This Busy World [excerpt]
ALL the preachers preached on President McKinley; all the editors
wrote about him. There was a great deal to say, and most of it seems
to have been said. Of course thousands of writers and speakers said
about the same things, for they dealt with the same facts, and they
were moved by the same feelings. Among others who have spoken was
Mrs. Eddy, the mother of Christian Science. She issued two utterances
which were read in her churches, one a communication on the death
of the President, the other a letter of sympathy and advice to Mrs.

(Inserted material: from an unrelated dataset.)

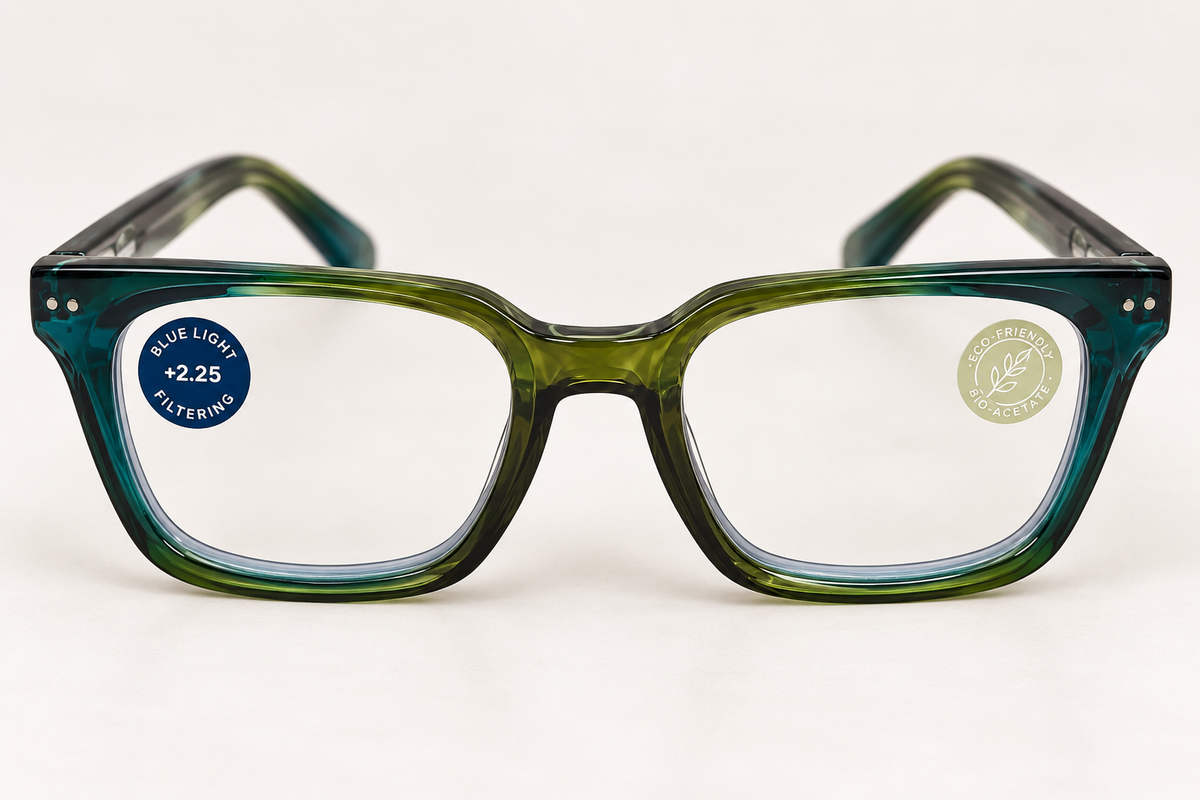 Peepers Tiki Blue Light Glasses - Green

McKinley. Both of these discourses are seemly and kind, but they
are materially different from the writings of any one else. Reciting
the praises of the dead President, Mrs. Eddy says: “May his history
waken a tone of truth that shall reverberate, renew euphony, emphasize
human power, and bear its banner into the vast forever.” No one
else said anything like that. Mother Eddy’s style is a personal
asset. Her sentences usually have the considerable literary merit
of being unexpected. Her letter to Mrs. McKinley was short, sympathetic,
religious, and very much to the point. Her position in the country
as the head and chief spokesman of an important religious body is
very curious and highly interesting.
[omit]
EVERY one who knows the Roosevelt pedigree knows that the President’s
mother was Martha Bullock, daughter of James Stevens Bullock, of
Georgia, but it has been news to a good many persons that the new
man in the White House is by descent a representative of the South
as well as of the North. By an unusual stroke of enterprise Colonel
Roosevelt’s maternal grandfather married the step-mother of his
deceased wife. It sounds odd, but when the whole story is told,
as it was the other day in a letter from Savannah to the Sun,
a good deal of the oddness evaporates. The Bullocks have been people
of note in Georgia ever since (and before) Archibald Bullock was
President of Georgia, in 1776. This Archibald was the great-great-grandfather
of Colonel Roosevelt.
——————————
COLONEL ROOSEVELT has six children—a family which will strain the
capacity of the White House. There is nothing like an object-lesson
to bring a great truth home. The truth that there are not nearly
enough bed-rooms and family rooms in the White House has been tritely
familiar for about fifty years. If there are enough Roosevelts to
contribute an object-lesson which will bring this venerable truth
home to Congress, the White House may be enlarged, and considerable
benefit will result. There is no particular sense or useful economy
in keeping the President’s family in cramped quarters. Presidents,
as a rule, have had small families, but such families as they have
had have usually suffered from a dearth of bed-rooms. The White
House ought certainly to be kept up with the times.